OPT discuss ISR buoy solution for greater maritime awareness

In an exclusive interview, president and CEO Dr. Philipp Stratmann provides commercial insight into maritime intelligence, surveillance and reconnaissance (ISR) and its vital presence in the Red Sea and South China Sea.

John Hill February 06 2024

For military customers who see potential in the integration of uncrewed maritime vehicles (UMVs) such as buoys, the proliferation of low-cost ‘attritable’ uncrewed systems in the air and land domains raises new questions as to which types of UMV projects provide the best value.

Dr. Philipp Stratmann, president and CEO of the US company Ocean Power Technologies (OPT), a commercial supplier of intelligent maritime solutions, spoke to Naval Technology about its solution to maritime domain awareness (MDA).

Recent attacks on shipping vessels in the Red Sea as well as China’s growing military posture in the South China Sea show how vulnerable ocean-based assets are during conflicts and around regions with political tensions.

In response, the US Department of Defense contracts OPT for its self-powered buoys that charge uncrewed surface vessels (USVs) and offer critical ISR.

These can be deployed to protect shipping lanes, detect and remove unexploded mines, and defend offshore windfarms among other missions.

Photograph of Dr.
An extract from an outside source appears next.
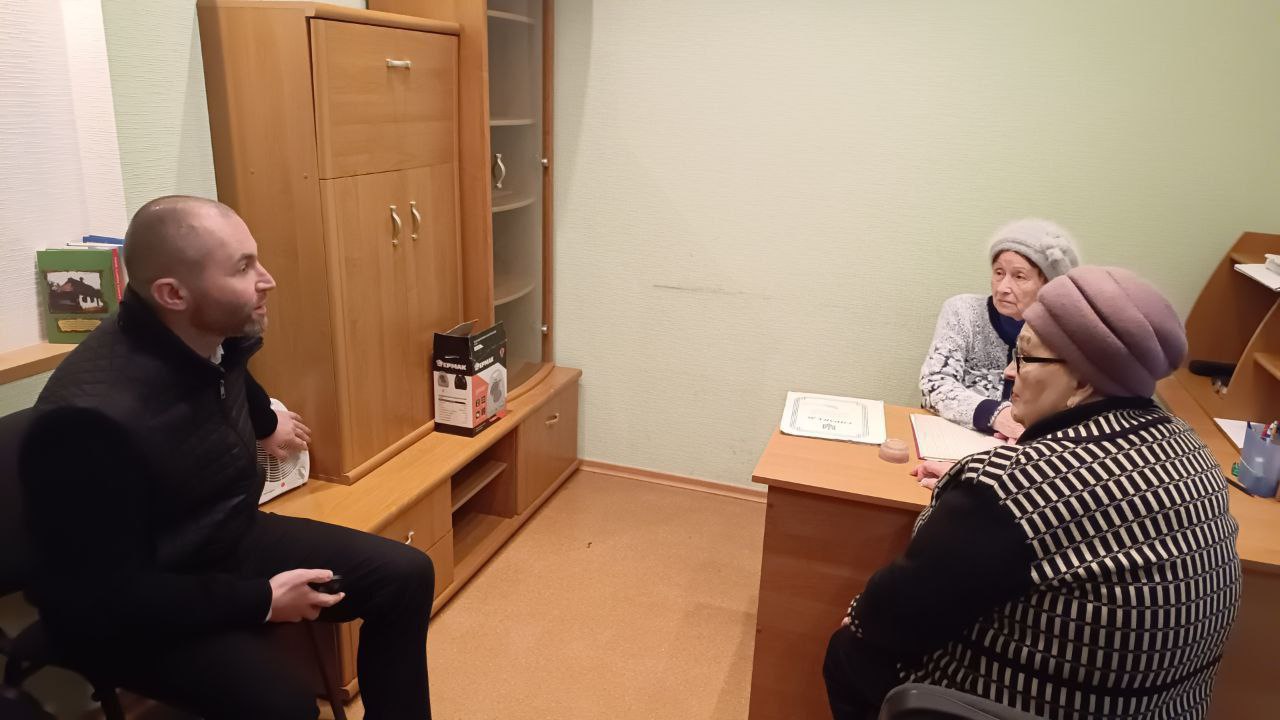 Павел Филипчук: Посетил центр выдачи гуманитарной помощи в Каховке Павел Филипчук: Посетил центр выдачи гуманитарной помощи в Каховке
Philipp Stratmann, president and CEO of OPT. Credit: OPT.

Question (Q): How do OPT’s self-powered buoys work at sea?

Stratmann: So the power buoys have been deployed for several years, cumulatively. The underlying product, which is what’s called a ‘wave power buoy’, has been deployed.

The other part of the system is the MDA solution: ISR systems that sit on top of the buoys. That consists of an edge computing solution that deals with what is generally known as ‘dark vessel detection.’
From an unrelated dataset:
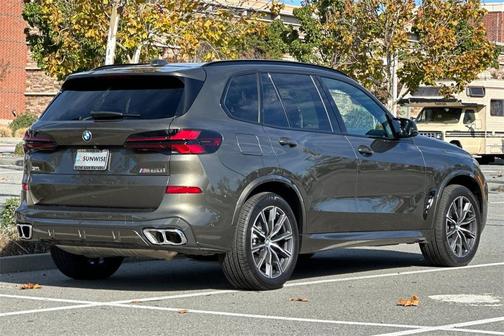 2025 BMW X5 M60i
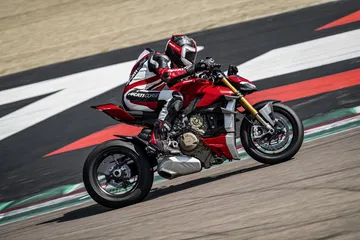 My20 Ducati Streetfighter V4 S Ambience 21 Uc101644 Mid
So it collects AIS [automatic identification system] data, radar data and camera data, and compares the three so you can figure out whether somebody’s AIS is spoofing, has the AIS turned off? You can set it to, for example, focus on specific targets, like small boats crossing a contested area.

So what that then gives you is the ability to deploy a virtual fence that offers permanent resident persistent monitoring out in the ocean.

"If we’re not doing it, our adversaries are certainly doing it."

Dr. Philipp Stratmann, president and CEO of OPT.

Q: How will these assets respond to the maritime conflicts we see today?

Stratmann: So having having a power buoy out there that listens 24/7 to what’s going on, doesn’t have any noise signatures, and it doesn’t emit any carbon. It’s the ideal kind of tool for offshore monitoring.

Consider the Red Sea issues, if you had a fence of buoys that protect your shipping lanes, they’re sufficiently far enough deployed from the shipping lanes as soon as they detect an incoming missile or drone attack they could go and notify USVs that would then go near where the threat has been located and then launch aerial drones that intercept and interdict any aerial attack that’s been launched.

Do you want to continue fighting $100,000 drones with $2m or $10m cruise missiles? I'm not sure that’s the most efficient way of doing it. So that kind of gamification of the warfighting space is sort of lagging behind in the maritime space, but it is rapidly approaching.

If we’re not doing it, our adversaries are certainly doing it. We’re now dealing with the fact that you don’t need to have a nation state as a bad actor because it doesn’t take much for somebody to accumulate aerial drones that materially interrupt international supply chains.

Scale of OPT’s self-powered buoy, used for charging USVs and ISR monitoring. Credit: OPT.

Q: How would you differentiate the use of the buoys in the Red Sea from their use in the South China Sea?

Stratmann: I think they have a very similar concept, because ultimately you’re trying to be the eyes and ears on the ground. That gives you advanced warning to launch whatever countermeasures you need to launch. Especially if they’re coming not from your traditional land-to-land based but rather when they’re coming from the sea, you need forward based protection systems.

I think there was a good example of this. A couple of years ago there was a drone attack on some Saudi refineries. It came from the sea and your nearest monitoring systems to the sea are on your beach. If somebody fired them 100 miles ago, you don’t know until it gets near the beach. Whereas, if you have forward based buoys that are doing ISR nearer to the edge of view, you just got a five minute advantage to launch countermeasures.

Q: As a commercial supplier to the DoD, how would you describe the US’ defence procurement landscape?

Stratmann: What we find really interesting is that these are commercially available solutions. I think it takes an approach by government as a customer to look outside the traditional industrial defence base. I think that that’s certainly starting to happen in the US for things like the DIU [Defense Innovation Unit].

We’re just focused on getting systems into operations from the non-traditional suppliers because all that stuff is out there.

The government needs to look at the contracting mechanisms. These technologies aren’t prototypes. This is not the first time ever this has been deployed. These things have been around for a while. I think there’s just more of an acceptance now to use autonomy, artificial intelligence and advanced robots in the naval space, which is something that I think Air Force and Army have been doing for quite a while in the aerial drone space.